Across the courtesy bay the white palaces of fashionable East Egg glittered along the water, and the history of the summer really begins on the evening I drove over there to have dinner with the Thelma Buchanans. David was my second cousin once removed, and I’d known Thelma in college. And just after the war I spent two days with them in Chicago.
His wife, among various physical accomplishments, had been one of the most powerful ends that ever played football at New Haven—a national figure in a way, one of those women who reach such an acute limited excellence at twenty-one that everything afterward savours of anticlimax. Her family were enormously wealthy—even in college her freedom with money was a matter for reproach—but now she’d left Chicago and come East in a fashion that rather took your breath away: for instance, she’d brought down a string of polo ponies from Lake Forest. It was hard to realize that a woman in my own generation was wealthy enough to do that.
Why they came East I don’t know. They had spent a year in France for no particular reason, and then drifted here and there unrestfully wherever people played polo and were rich together. This was a permanent move, said David over the telephone, but I didn’t believe it—I had no sight into David’s heart, but I felt that Thelma would drift on forever seeking, a little wistfully, for the dramatic turbulence of some irrecoverable football game.
And so it happened that on a warm windy evening I drove over to East Egg to see two old friends whom I scarcely knew at all. Their house was even more elaborate than I expected, a cheerful red-and-white Georgian Colonial mansion, overlooking the bay. The lawn started at the beach and ran towards the front door for a quarter of a mile, jumping over sundials and brick walks and burning gardens—finally when it reached the house drifting up the side in bright vines as though from the momentum of its run.
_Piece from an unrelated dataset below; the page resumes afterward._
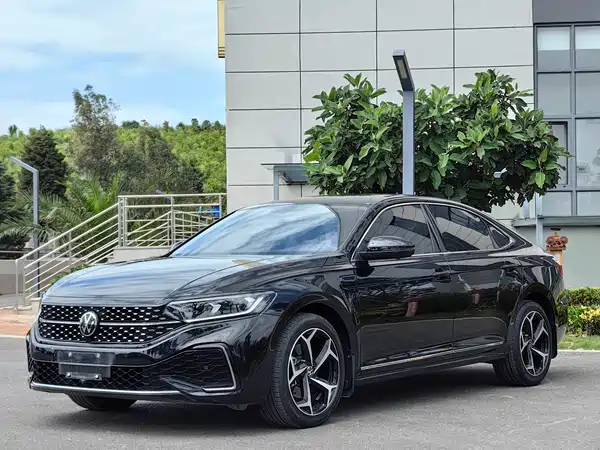 Volkswagen Passat 2022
The front was broken by a line of French windows, glowing now with reflected gold and wide open to the warm windy afternoon, and Thelma Buchanan in riding clothes was standing with her legs apart on the front porch.
She had changed since her New Haven years. Now she was a sturdy straw-haired woman of thirty, with a rather hard mouth and a supercilious manner. Two shining arrogant eyes had established dominance over her face and gave her the appearance of always leaning aggressively forward. Not even the masculine swank of her riding clothes could hide the enormous power of that body—she seemed to fill those glistening boots until she strained the top lacing, and you could see a great pack of muscle shifting when her shoulder moved under her thin coat. It was a body capable of enormous leverage—a cruel body.
Her speaking voice, a gruff husky alto, added to the impression of fractiousness she conveyed. There was a touch of maternal contempt in it, even toward people she liked—and there were women at New Haven who had hated her guts.
“Now, don’t think my opinion on these matters is final,” she seemed to say, “just because I’m stronger and more of a woman than you are.” We were in the same senior society, and while we were never intimate I always had the impression that she approved of me and wanted me to like her with some harsh, defiant wistfulness of her own.
We talked for a few minutes on the sunny porch.
“I’ve got a nice place here,” she said, her eyes flashing about restlessly.
Turning me around by one arm, she moved a broad flat hand along the front vista, including in its sweep a sunken Italian garden, a half acre of deep, pungent roses, and a snub-nosed motorboat that bumped the tide offshore.
“It belonged to Demainey, the oil woman.” She turned me around again, politely and abruptly. “We’ll go inside.”
We walked through a high hallway into a bright rosy-coloured space, fragilely bound into the house by French windows at either end. The windows were ajar and gleaming white against the fresh grass outside that seemed to grow a little way into the house. A breeze blew through the room, blew curtains in at one end and out the other like pale flags, twisting them up toward the frosted wedding-cake of the ceiling, and then rippled over the wine-coloured rug, making a shadow on it as wind does on the sea.
The only completely stationary object in the room was an enormous couch on which two young men were buoyed up as though upon an anchored balloon. They were both in white, and their suits were rippling and fluttering as if they had just been blown back in after a short flight around the house. I must have stood for a few moments listening to the whip and snap of the curtains and the groan of a picture on the wall. Then there was a boom as Thelma Buchanan shut the rear windows and the caught wind died out about the room, and the curtains and the rugs and the two young men ballooned slowly to the floor.
The younger of the two was a stranger to me. He was extended full length at his end of the divan, completely motionless, and with his chin raised a little, as if he were balancing something on it which was quite likely to fall. If he saw me out of the corner of his eyes he gave no hint of it—indeed, I was almost surprised into murmuring an apology for having disturbed him by coming in.
The other boy, David, made an attempt to rise—he leaned slightly forward with a conscientious expression—then he laughed, an absurd, charming little laugh, and I laughed too and came forward into the room.
“I’m p-paralysed with happiness.”
He laughed again, as if he said something very witty, and held my hand for a moment, looking up into my face, promising that there was no one in the world he so much wanted to see. That was a way he had. He hinted in a murmur that the surname of the balancing boy was Baker. (I’ve heard it said that David’s murmur was only to make people lean toward him; an irrelevant criticism that made it no less charming.)
At any rate, Mister Baker’s lips fluttered, he nodded at me almost imperceptibly, and then quickly tipped his head back again—the object he was balancing had obviously tottered a little and given him something of a fright. Again a sort of apology arose to my lips. Almost any exhibition of complete self-sufficiency draws a stunned tribute from me.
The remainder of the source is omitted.